In our respectful view, the procedure adopted by the learned primary judge to deal with the 'jurisdictional issue', which culminated in her dismissal of the proceedings (that is, the Initiating Application), resulted in a denial of procedural fairness to Ms Fabrizi. We have reached that view having regard to the following matters.
First, the Hearing was listed to deal with the First and Second Interim Applications. Those Applications sought that the Court make interim orders in the proceedings – that is, orders in advance of the final hearing to determine the Initiating Application on its merits. In contrast to the final determination of a case, which would occur after a trial of the issues,[89] the Interim Applications fell to be determined on the basis of affidavit evidence (cross‑examination on an interim application would be permitted only in exceptional circumstances[90]). In determining whether to make the interim orders sought, the Family Court would take into account whether there were reasonable grounds for making the orders, and whether the orders were necessary, for reasons such as hardship or prejudice to the parties.[91]
[89] See, generally, pt 16.3 of the Family Law Rules 2004 (Cth). Pursuant to r 13 of the Family Court Rules 1998 (WA), which were in force at the relevant time, the Family Law Rules 2004 (Cth) were applied in the Family Court in the exercise of its non-federal jurisdiction.
[90] Family Law Rules 2004 (Cth) r 5.10, as applied by r 13 of the Family Court Rules 1998 (WA).
[91] Family Law Rules 2004 (Cth) r 5.08(b) and (c), as applied by r 13 of the Family Court Rules 1998 (WA).
In dealing with the 'jurisdictional issue' as a preliminary issue, the learned primary judge adopted a different procedure than that which would otherwise have applied at the Hearing. Consequently, the Hearing took on an entirely different complexion from that for which it had been listed. In our respectful view, before adopting that procedure, it was incumbent on the learned primary judge to ensure that Ms Fabrizi and her counsel understood what was to be decided in that preliminary issue, the questions that would be considered in dealing with that preliminary issue, the nature and content of the information that the learned primary judge would take into account in making her determination, and the legal principles that would be relevant to the determination of that preliminary issue.
Counsel for the respondent submitted that Ms Fabrizi was fully aware of the grounds on which the respondent sought to have her Initiating Application dismissed for want of power and/or jurisdiction.

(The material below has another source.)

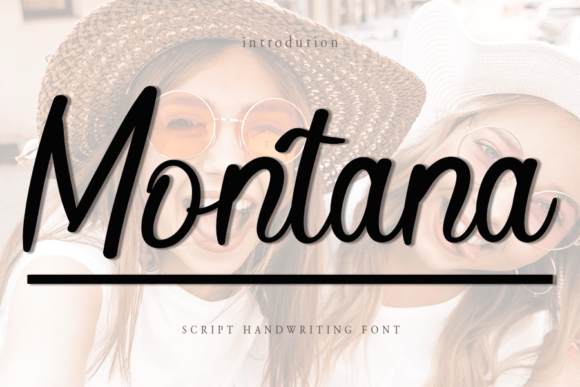 Montana Font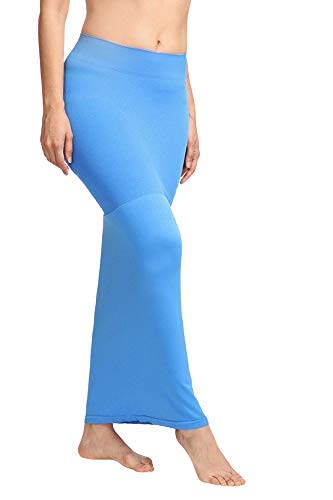 Womens Mermaid Saree Shapewear (ZI3022 Blue)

He submitted that Ms Fabrizi's solicitors sought particulars of the respondent's claim for dismissal for want of power or jurisdiction, and that in response the respondent filed his Further Amended Response to Initiating Application in which he expanded on his grounds for seeking dismissal of the Initiating Application. In addition, counsel for the respondent submitted that the respondent's submissions on jurisdiction provided full details of the basis for the application for dismissal.[92] Counsel for the respondent submitted that there can be no doubt whatsoever that Ms Fabrizi was fully aware of the respondent's grounds for seeking dismissal because in written submissions, her counsel sought to respond to those arguments.[93] We are unable to accept these submissions. Neither the Further Amended Response, any correspondence passing between the parties, or the respondent's submissions on the 'jurisdictional issue' made clear how the Family Court could determine the 'jurisdictional issue' as a preliminary issue, or what principles should be applied in that determination.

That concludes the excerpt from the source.